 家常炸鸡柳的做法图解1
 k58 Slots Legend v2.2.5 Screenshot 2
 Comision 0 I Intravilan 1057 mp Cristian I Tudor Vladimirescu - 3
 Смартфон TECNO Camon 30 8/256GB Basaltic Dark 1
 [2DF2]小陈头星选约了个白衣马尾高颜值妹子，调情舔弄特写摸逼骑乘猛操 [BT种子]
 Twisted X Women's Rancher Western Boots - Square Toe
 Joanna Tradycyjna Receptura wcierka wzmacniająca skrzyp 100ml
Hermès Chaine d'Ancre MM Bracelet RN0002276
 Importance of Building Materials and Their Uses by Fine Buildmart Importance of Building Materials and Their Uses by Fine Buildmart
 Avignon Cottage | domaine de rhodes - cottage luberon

★ ★ ★ ★ ★ ★ ★

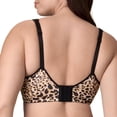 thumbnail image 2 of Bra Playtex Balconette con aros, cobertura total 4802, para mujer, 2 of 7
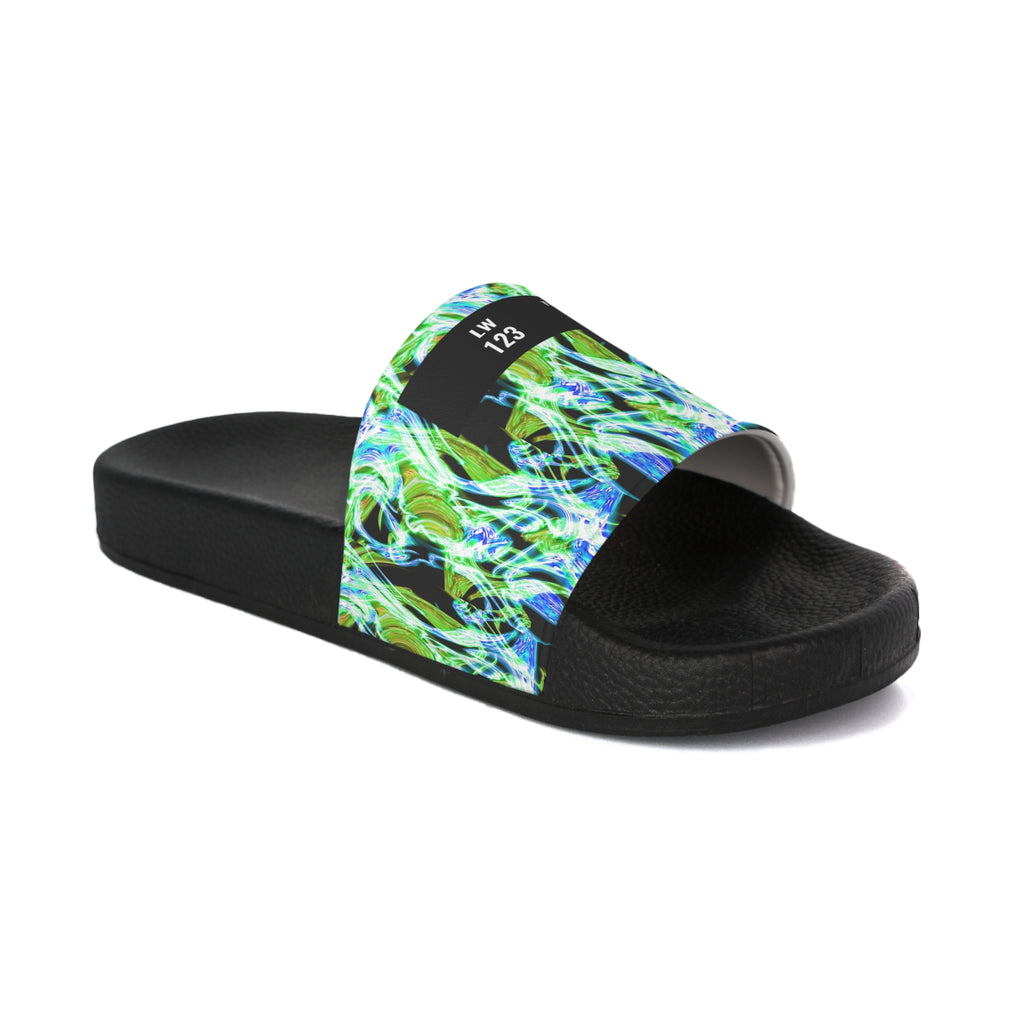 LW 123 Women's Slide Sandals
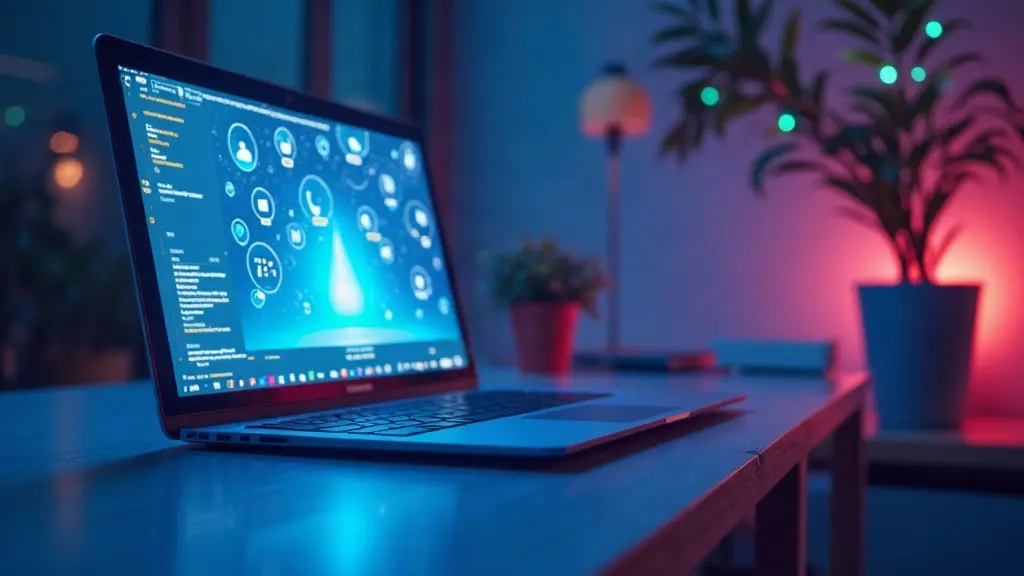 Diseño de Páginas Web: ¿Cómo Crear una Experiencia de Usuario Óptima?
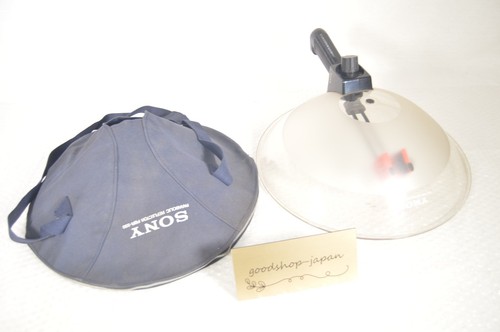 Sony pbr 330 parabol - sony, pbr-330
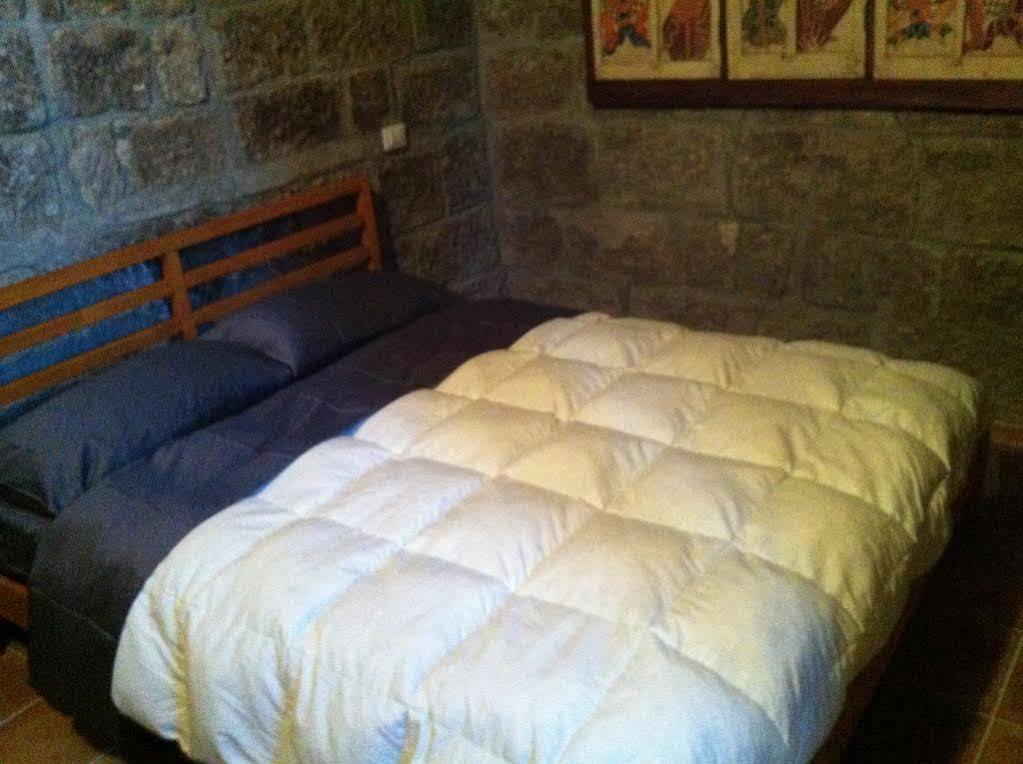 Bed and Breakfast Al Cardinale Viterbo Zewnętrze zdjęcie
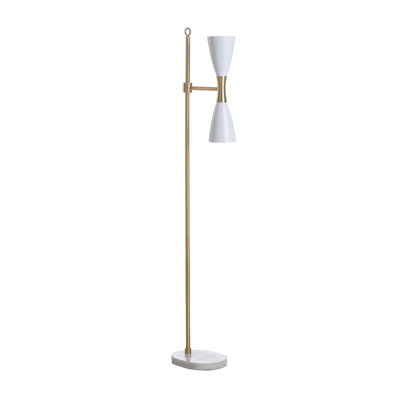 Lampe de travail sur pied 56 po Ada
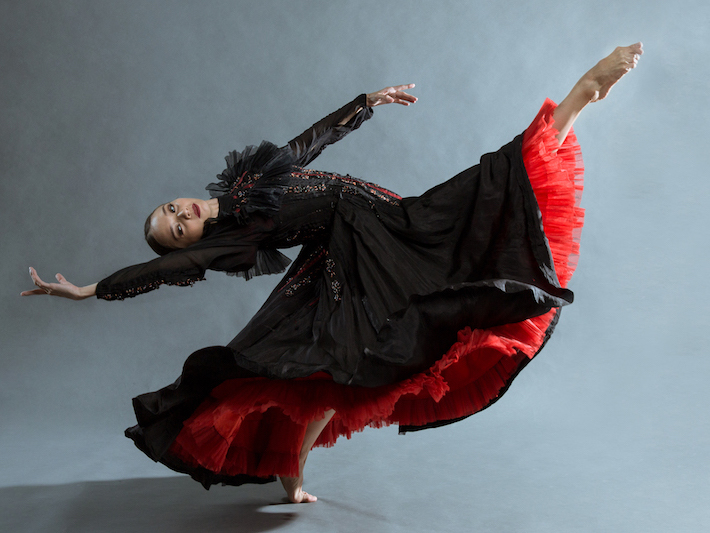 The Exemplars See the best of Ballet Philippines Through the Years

★ ★ ★ ★ ★ ★ ★

DIRECTIONS FOR THIS TASK: Reproduce only the lines above, starting at the line with "家常炸鸡柳的做法图解1" and ending at the line with "Twisted X Women's", exactly as written.

TASK SOLUTION:
 家常炸鸡柳的做法图解1
 k58 Slots Legend v2.2.5 Screenshot 2
 Comision 0 I Intravilan 1057 mp Cristian I Tudor Vladimirescu - 3
 Смартфон TECNO Camon 30 8/256GB Basaltic Dark 1
 [2DF2]小陈头星选约了个白衣马尾高颜值妹子，调情舔弄特写摸逼骑乘猛操 [BT种子]
 Twisted X Women's Rancher Western Boots - Square Toe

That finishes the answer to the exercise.